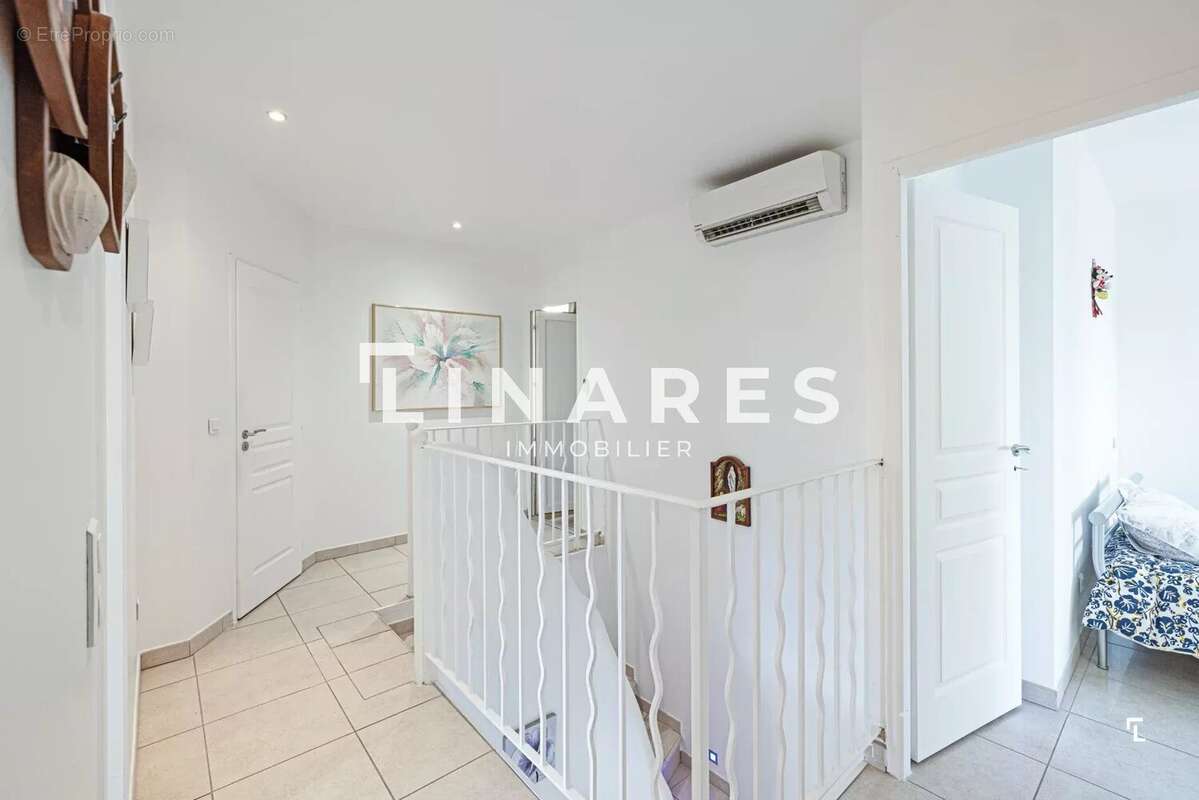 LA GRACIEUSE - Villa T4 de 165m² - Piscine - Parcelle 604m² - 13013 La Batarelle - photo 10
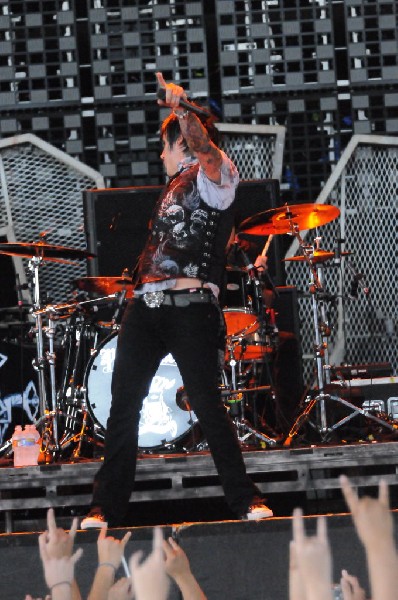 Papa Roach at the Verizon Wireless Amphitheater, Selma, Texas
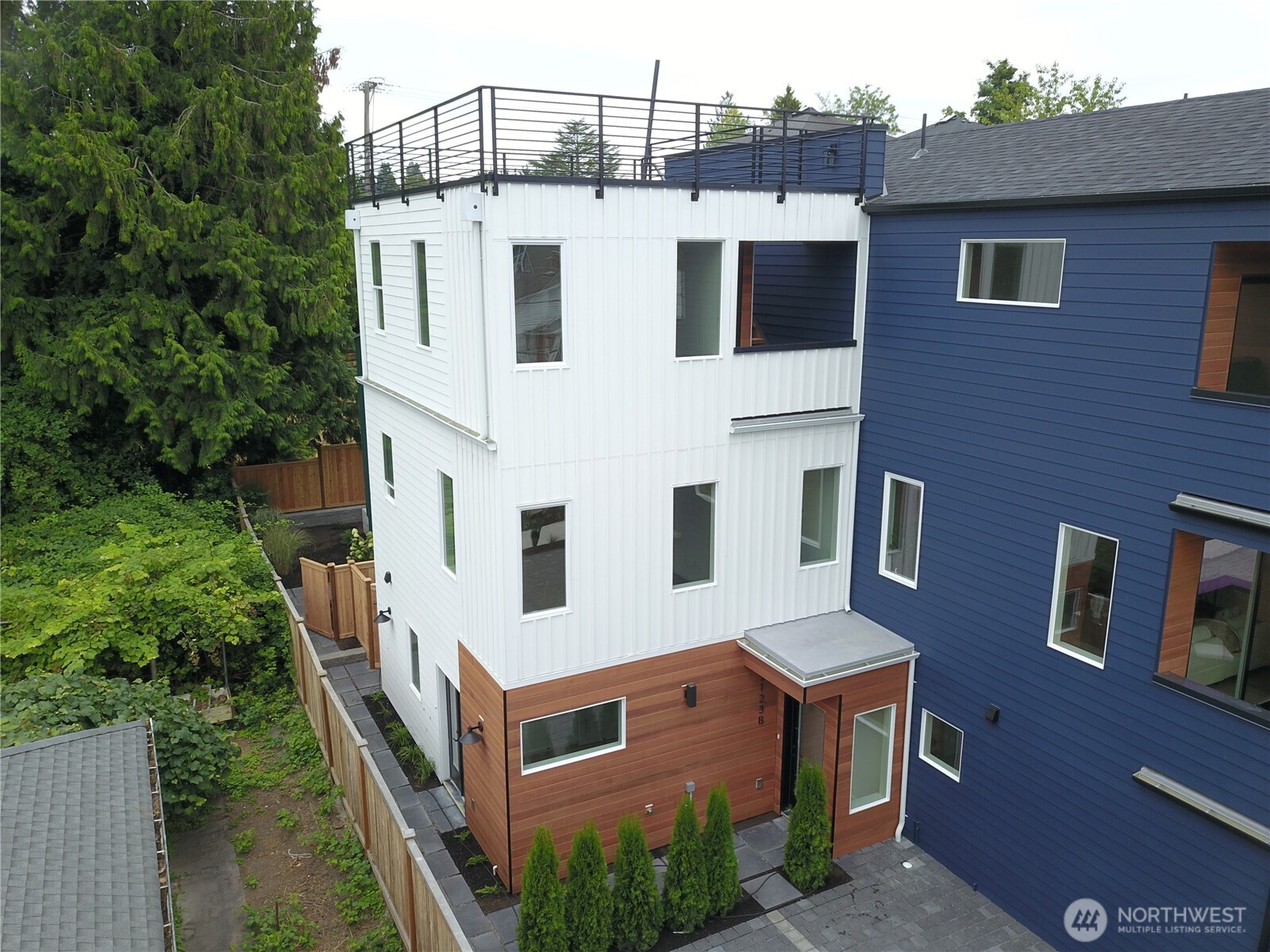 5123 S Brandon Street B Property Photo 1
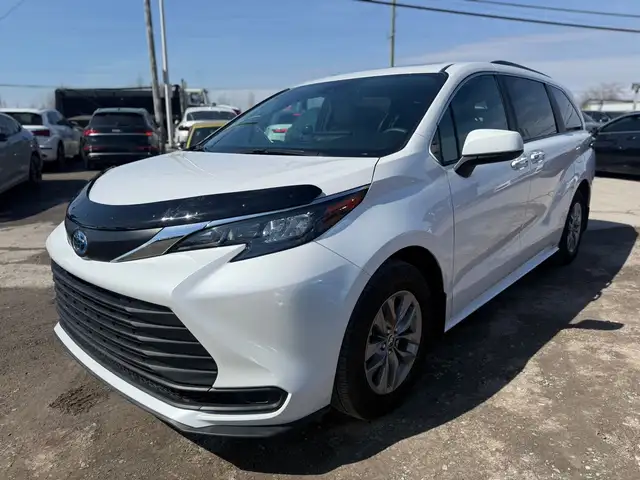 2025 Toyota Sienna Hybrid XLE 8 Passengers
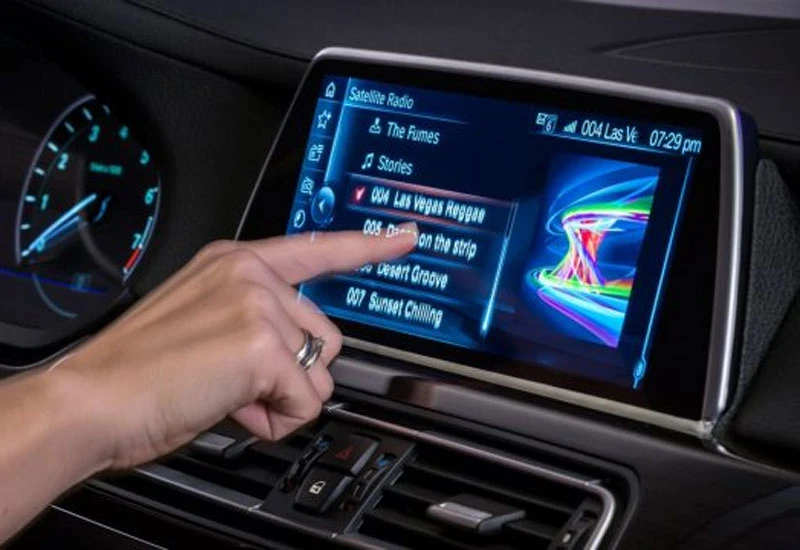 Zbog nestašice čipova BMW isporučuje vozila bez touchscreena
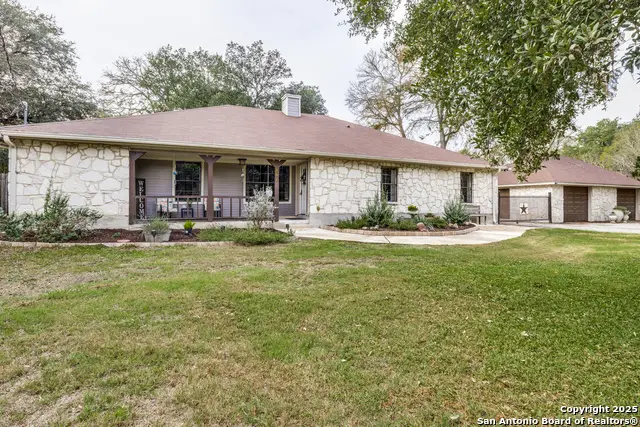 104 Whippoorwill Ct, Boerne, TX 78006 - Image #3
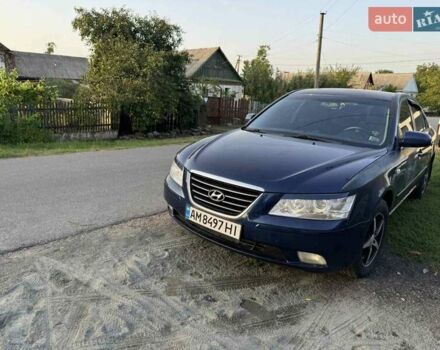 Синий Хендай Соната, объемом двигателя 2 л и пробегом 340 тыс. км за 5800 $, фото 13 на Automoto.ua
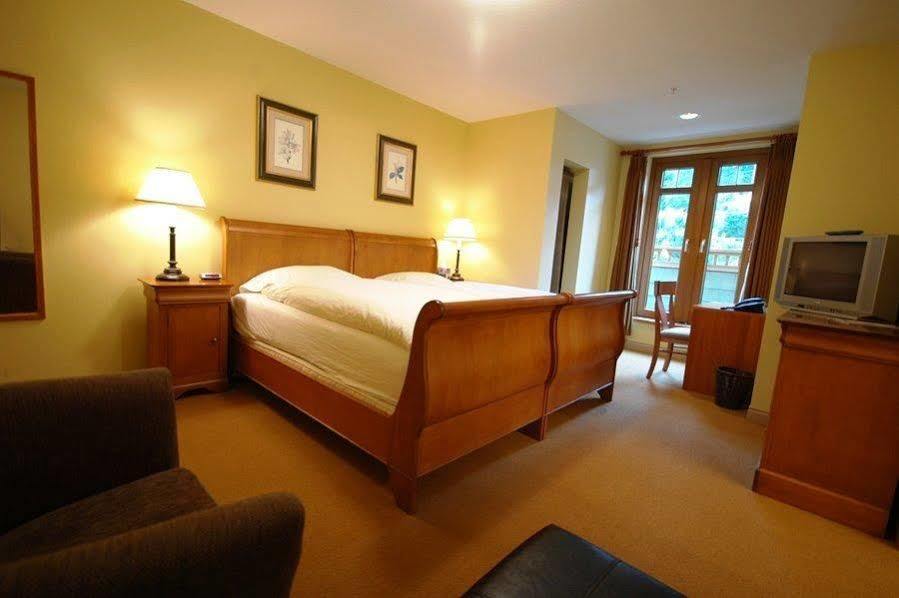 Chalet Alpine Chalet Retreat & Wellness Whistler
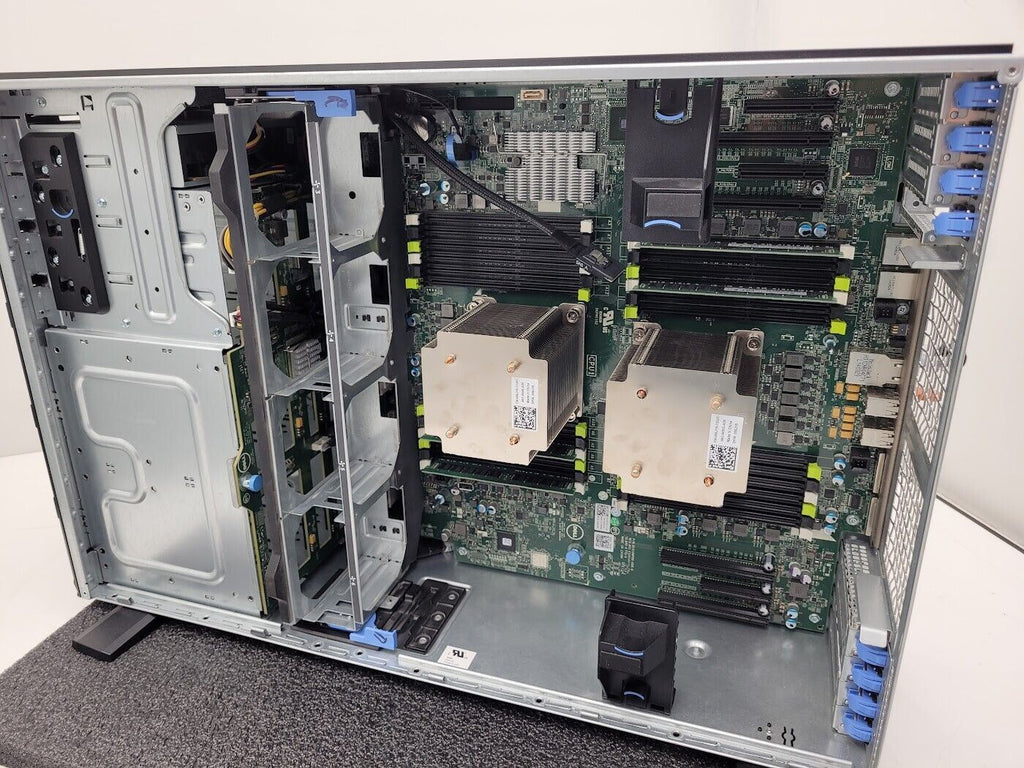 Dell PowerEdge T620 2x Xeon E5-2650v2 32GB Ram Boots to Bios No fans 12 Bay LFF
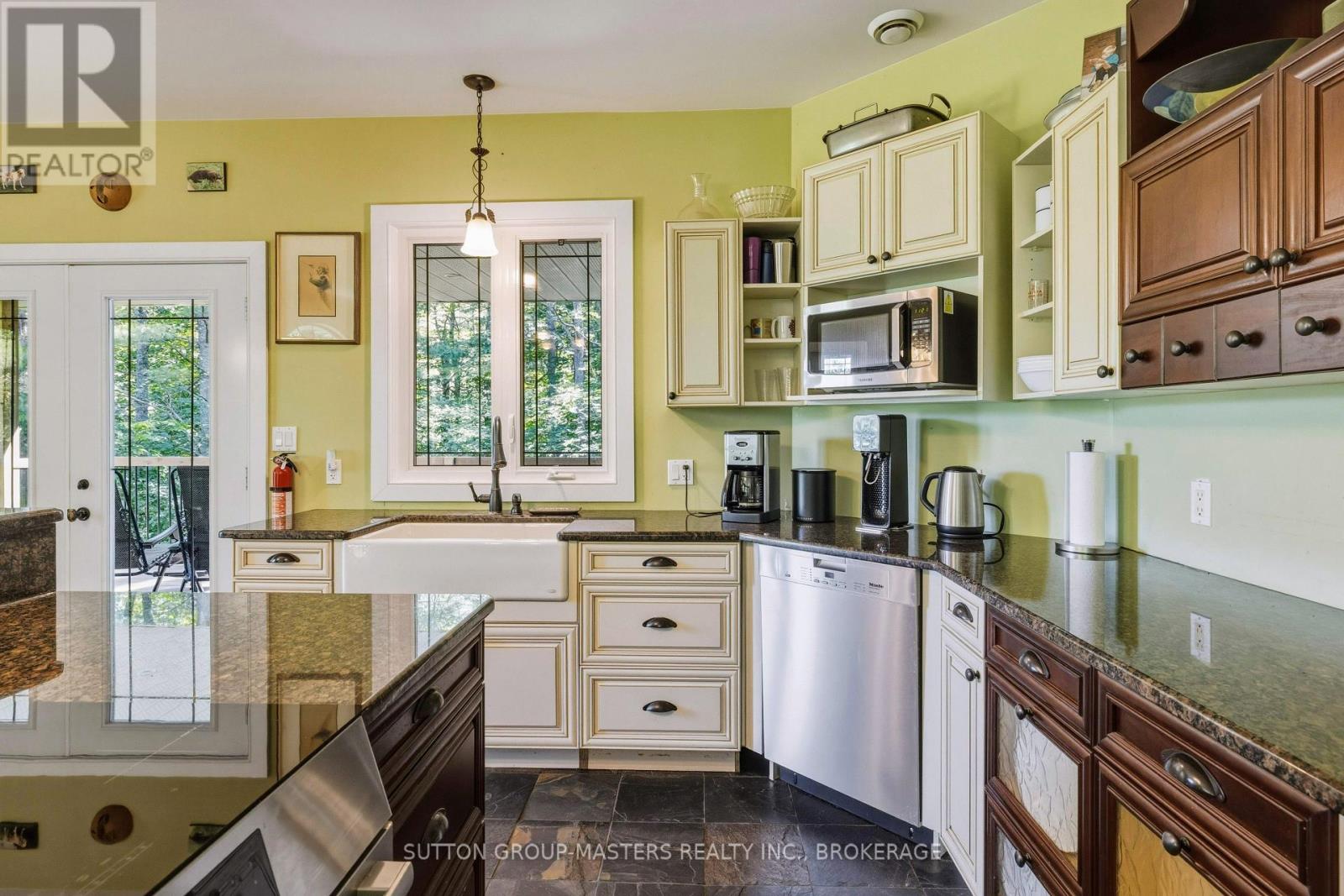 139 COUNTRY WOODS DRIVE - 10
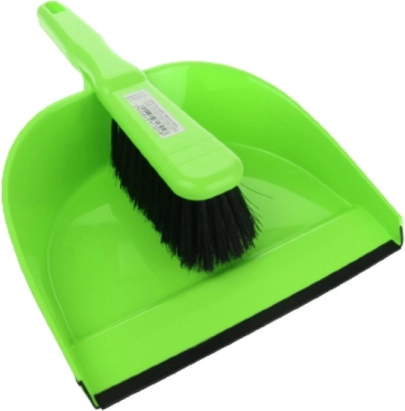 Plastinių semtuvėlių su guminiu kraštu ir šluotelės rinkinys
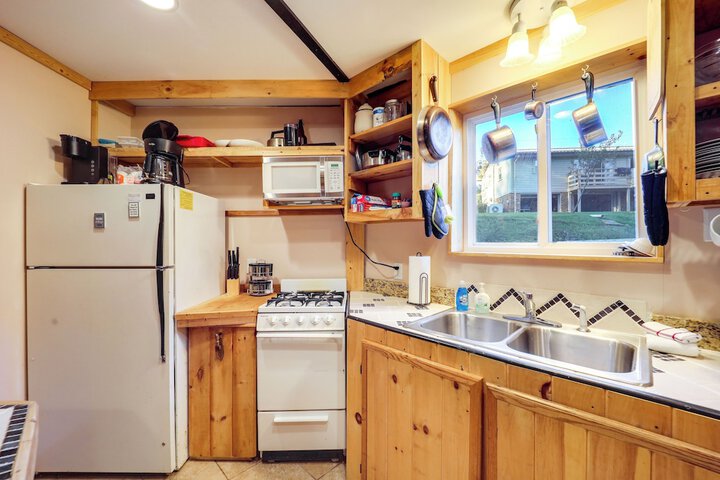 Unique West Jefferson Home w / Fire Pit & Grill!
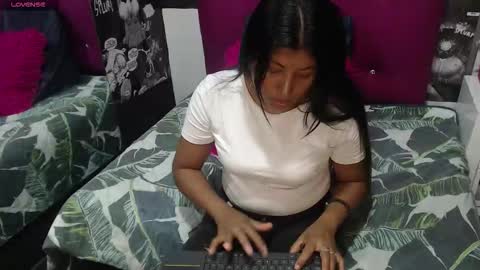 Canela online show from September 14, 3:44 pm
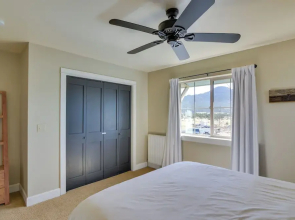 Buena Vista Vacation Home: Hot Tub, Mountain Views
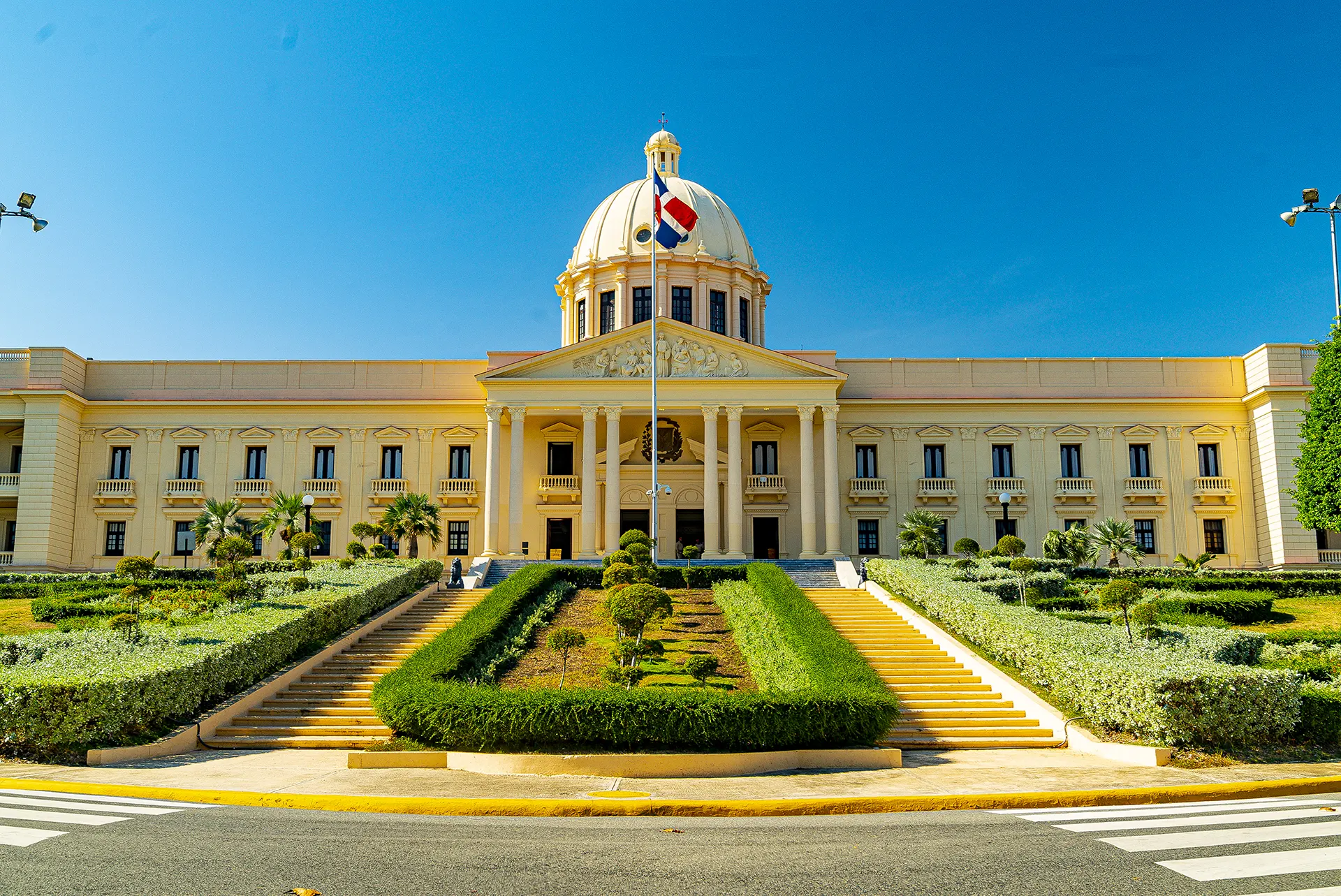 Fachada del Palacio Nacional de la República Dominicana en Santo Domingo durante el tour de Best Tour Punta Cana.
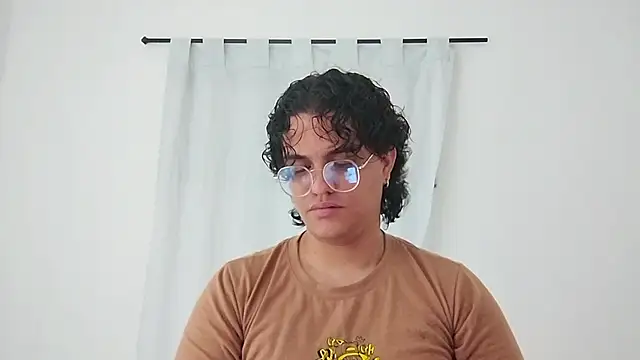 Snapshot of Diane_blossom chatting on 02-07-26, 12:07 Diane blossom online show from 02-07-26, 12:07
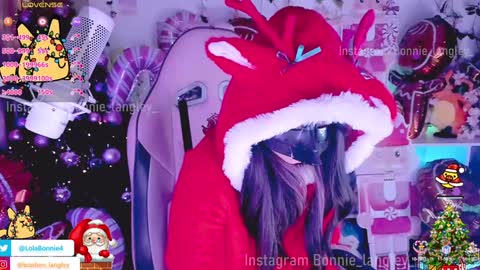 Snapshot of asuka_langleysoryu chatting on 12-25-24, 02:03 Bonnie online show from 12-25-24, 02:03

________________________

→ What you will do: Please repeat, exactly as written, the lines in the records above, starting with the one that has "Plastinių semtuvėlių su" and going on through the one that has "Buena Vista Vacation". Pictures are to be left out.

→ Response:
 Plastinių semtuvėlių su guminiu kraštu ir šluotelės rinkinys
 Unique West Jefferson Home w / Fire Pit & Grill!
 Canela online show from September 14, 3:44 pm
 Buena Vista Vacation Home: Hot Tub, Mountain Views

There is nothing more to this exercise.